Using Infinite Timeouts

It's a mistake to set any timeout to 0 — for example, with page.setDefaultTimeout(0). Infinite timeouts introduce the potential for the script to block forever when encountering an unexpected state, without giving a clear error message. Under most circumstances, when a script hangs on a selector or navigation for more than a few minutes, it should log an error and either exit so its maintainer can fix the problem, or restart itself if it should keep attempting to do something.

Usually, when I come across infinite timeouts in Puppeteer scripts, it's an artifact of attempting to fix a deeper issue, like the script being detected as a bot and blocked. But the infinite timeout makes these errors harder to detect and resolve by stifling them and causing a silent hang.

Forgetting to Await a Puppeteer Call

Almost all Puppeteer API calls are asynchronous. The reason for the asynchronous interface is that the browser runs in a separate process from Node. Puppeteer's methods send and receive data and wait for the browser process to respond, much like networking or file system operations. The Node process can use this time to perform CPU-bound work.

A common mistake is forgetting to await a promise returned by a Puppeteer call. This can lead to confusing and non-deterministic errors and race conditions.

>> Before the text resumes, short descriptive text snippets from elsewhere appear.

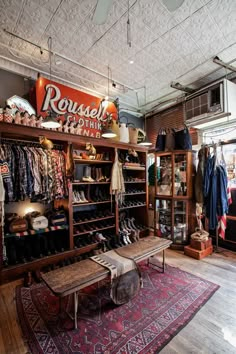 the inside of a clothing store with lots of items on shelves and a bench in front of it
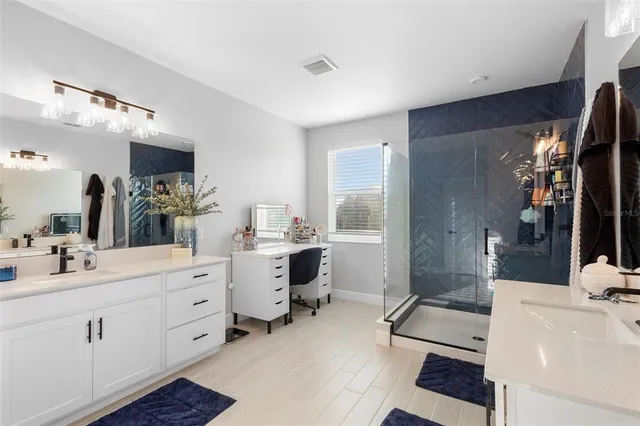 a bathroom with a double vanity sink a mirror and a shower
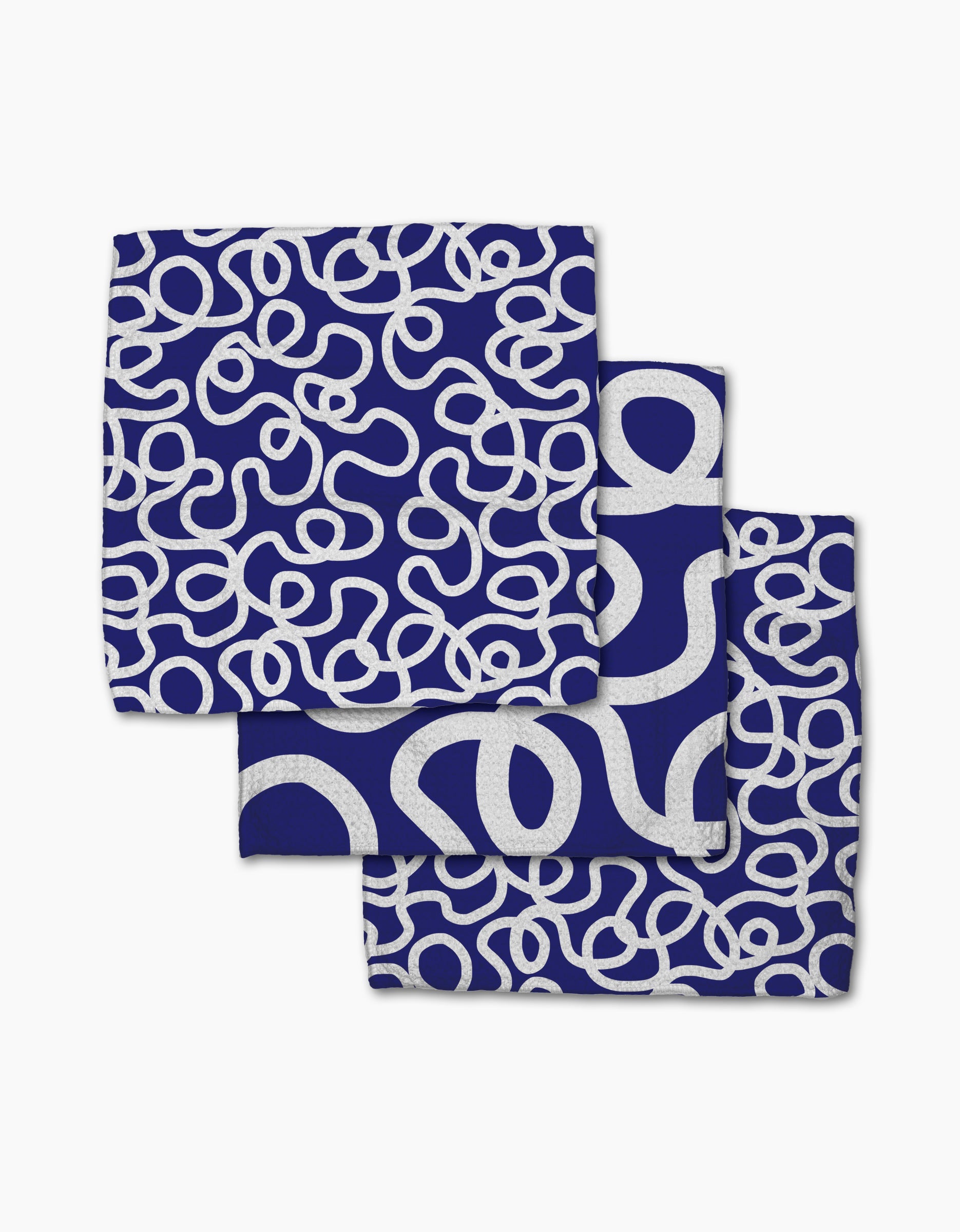 Three folded blue Wander cloth napkins by Rachel Parker, made from recycled materials, display a white abstract looped line pattern with each napkin stacked to show different parts of the design.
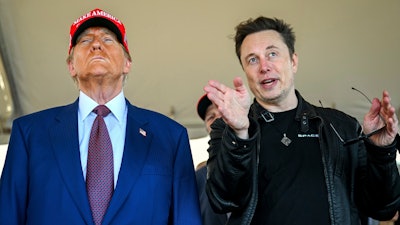 President-elect Donald Trump listens to Elon Musk as he arrives to watch SpaceX's mega rocket Starship lift off for a test flight from Starbase in Boca Chica, Texas, Nov. 19, 2024.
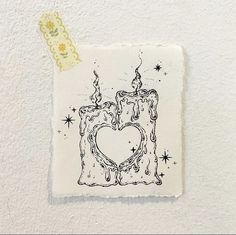 a piece of paper with a drawing of a heart shaped candle and stars on it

For example, omitting await on a page.goto call may result in a Protocol error (Page.navigate): Target closed or Execution context was destroyed, most likely because of a navigation.

Awaiting Synchronous Puppeteer Calls

One solution to the missing await problem described above is to await everything, but this can lead to confusion as well.

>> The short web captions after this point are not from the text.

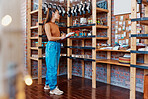 One beautiful asian female business owner standing with a clipboard in her cafe. Confident and successful mixed race woman taking stock in her restaurant. Making sure the coffee shop shelves are full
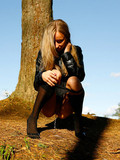 Tall leggy girl in jean mini skirt and high nylon socks pisses in the woods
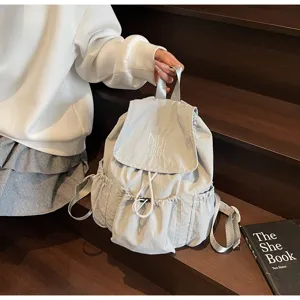 Detailansicht eines modischen hellblauen Nylon-Rucksacks mit schicker MUTING-Stickerei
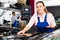 Woman mechanic demonstrating repainted car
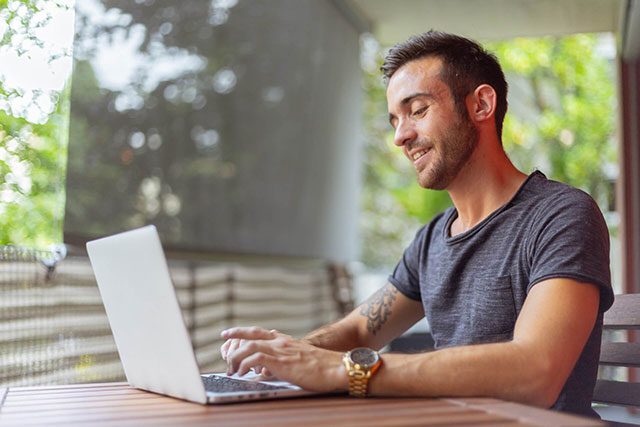 Young man in a gray tshirt works outside on his laptop. He is a professional teletherapist working for Connect Teletherapy.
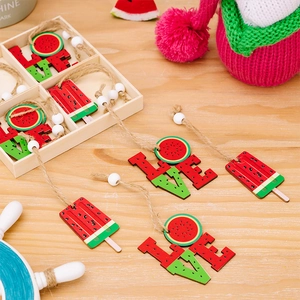 Detail of wooden summer watermelon hanging ornaments with LOVE letters and ice cream shapes
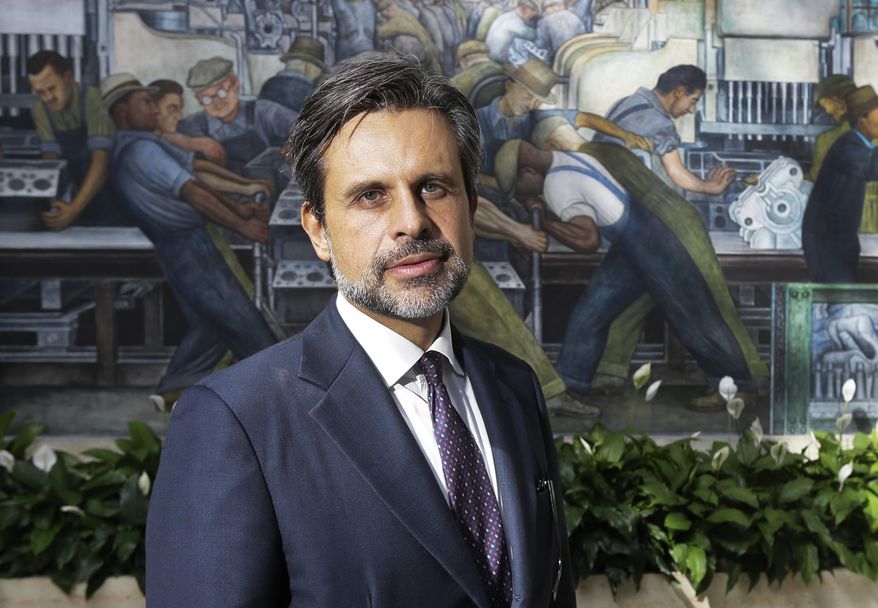 Salvador Salort-Pons, stands in the Diego Rivera court after being introduced as the Detroit Institute of Arts director, Wednesday, Sept. 16, 2015 in Detroit. Salort-Pons was executive director of collection strategies and information who played a key role in the museum's strategic planning process. The museum's board named the 45-year-old, who has served as director of the museum's European Art Department since 2011, as director, president and CEO effective Oct. 15. (AP Photo/Carlos Osorio)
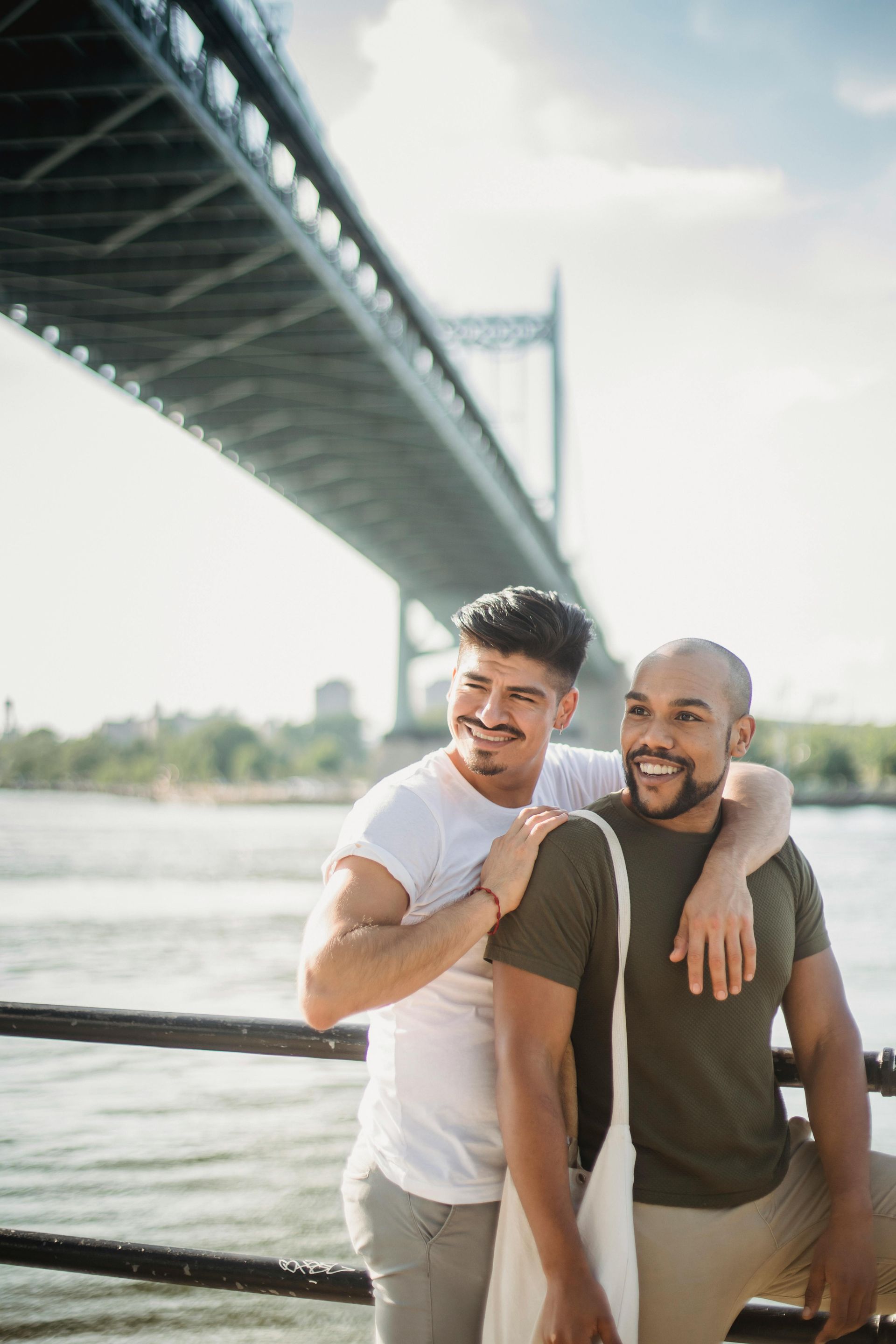 Two men smiling by a riverside railing under a large bridge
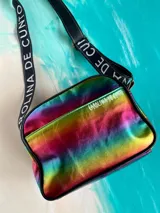 Bandolera Kaira de la línea Ottenta de Carolina De Cunto, confeccionada en material metalizado con acabado multicolor y efecto tornasolado. Cuenta con un bolsillo frontal con broche imantado, cierre superior y una correa larga y ajustable de tela negra con el nombre de la marca en letras blancas.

For example, I see the following pattern often:

await page.on("request", (request) => {
  /* handle the request */
});
// do stuff after the request has been handled

Since page.on doesn't return a promise, it's easy to forget that // do stuff after the request has been handled runs before the request handler callback. The callback is in a different promise chain.

To solve this, use Puppeteer's page.waitForRequest (or page.waitForResponse) instead of page.on, which acts as a shorthand for manually promisifying the page.on callback.

Creating Node.js Memory Leaks with page.on Listeners

Consider the following code:

for (;;) {
  page.on("request", () => {});
  await setTimeout(10); // from "timers/promises"
}

This code reinstalls an event listener over and over again, slowly eating memory. The problem seems obvious in this minimal example, but I've seen it buried in the midst of moderately-complex, long-running jobs that eventually crash.

Misunderstanding page.exposeFunction

page.exposeFunction enables your browser code to trigger Node code. As with evaluate, you can't pass DOM elements or other non-serializable structures as parameters, so a typical use case is passing serialized data like JSON or text for periodic processing. In the common case, you'll use evaluate to extract data rather than exposeFunction.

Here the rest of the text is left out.